06/21/2016 05:35 EDT | Updated 06/21/2016 05:59 EDT

7 Things I Learned On Camino De Santiago

guillermo casas baruque via Getty Images
Way of the basque coast. Camio de santiago,north route, guipuzkoa,

Camino Frances, also known as The Way of Saint James, is a 775 km pilgrimage across northern Spain.

Recently, I packed 2 small bags, boxed up my bike and hopped a plane to Paris. Lugging a massive bike box through Paris, I then took a train to Bayonne in southern France, assembled my bike and rode 3 hours to a town in the Pyrenees mountains called Saint-Jean-Pied-de-Port where my journey on the Camino began.


I set out with few expectations, only knowing I wanted to grow and know myself better. In the end, I experienced the biggest transformation of my life.

Here's what I learned:

1. Invest in your soul

At school, we invest in education. At the gym, we invest in our bodies. We make financial investments in land, housing, stocks, etc.

When do we invest in the thing we carry with us always -- our soul? If you're religious, you might go to church or mosque... but what about experiences? What about discovering what nature, God, and the universe have given us, straight from the source?

We're born with the desire to discover. Watch how children explore the world with wonder. Don't let that child in you die. Grow and feed it.

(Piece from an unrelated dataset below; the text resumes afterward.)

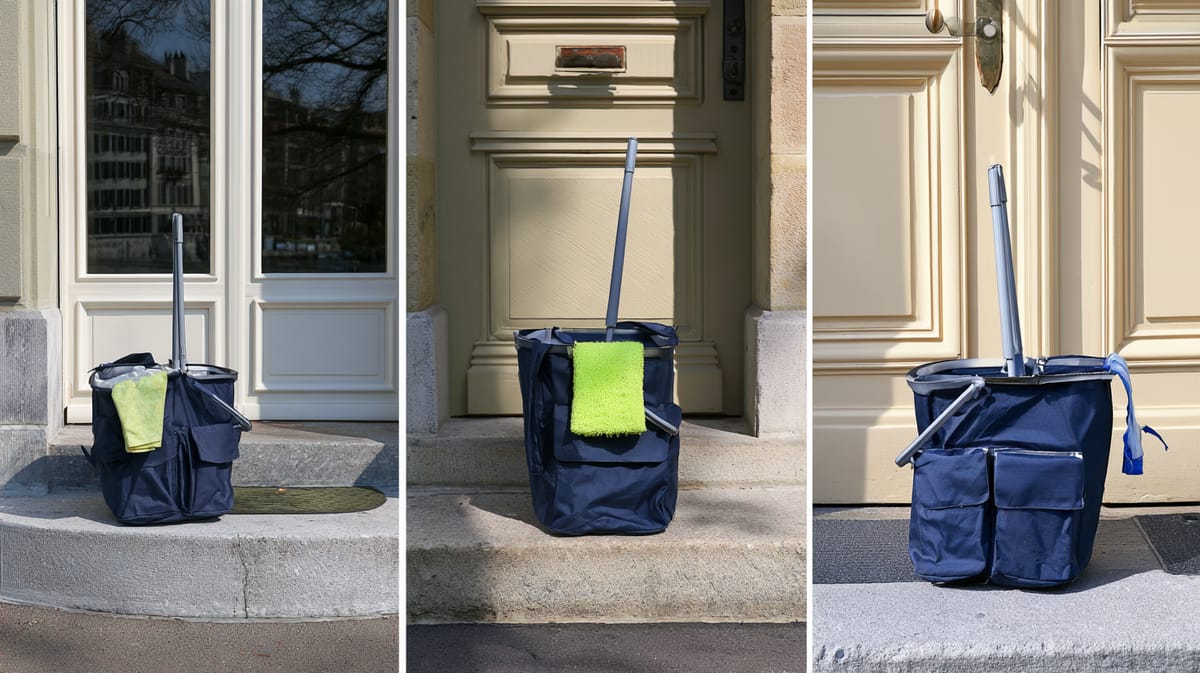 Dreimal dieselbe dunkelblaue Putztasche mit Wischmopp und grünem Tuch, jeweils vor einer anderen Haustür eines Altbaus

Travel, love, hike and bike as much as you can. Adventure on!


Gratitude truly is the key to happiness

I started having knee pains and feeling demotivated one evening. Continuing to bike, I noticed someone far off. Getting closer, I saw it was a woman with a white cane.

She was alone, so I got off my bike to walk with her. I learned she was partially blind and ended up walking with her to the next town.

I realized this strong woman is an example for everyone. She not only motivated me and made me grateful for my sight, she showed me that we have everything already. We have it all.

I learned it's about perspective; seeing things through a filter of gratitude. From there, you will always be happy.

The Camino, like life, is about gratitude for hot showers, dry clothes, good feet, strong knees and a healthy body. It's about being grateful for every breath.


We are never lost; we are just not familiar yet

At one point, I decided to let go of my phone and all technology. I wanted to free myself. I believed I'd find my way by the signs and location of the sun.

And I got lost.

I went south instead of west, 30kms in the wrong direction. Discovering how lost I was, I panicked.

But then I realized it was just another Camino; another way.

Life doesn't come with a map. We're always somewhat lost. But it's only ever a matter of time till we become familiar with our surroundings. I started to feel comfortable with being "lost."

I also stopped seeing the Camino as a race. Which brings me to...


Life, like the Camino, is not a race.

A few days in, I realized I'd brought work along. I was assessing each day by kilometers covered and goals reached.

I was doing it all wrong.

The Camino, as in life, should be taken at my own pace. I learned not to compare myself to others - how much time they take, or how fast they go.

It's all within my control. I choose the speed and time... when to wake up... where to stop for coffee, Spanish omelette or to drink wine... who to talk to, walk with or ride with. I choose it all.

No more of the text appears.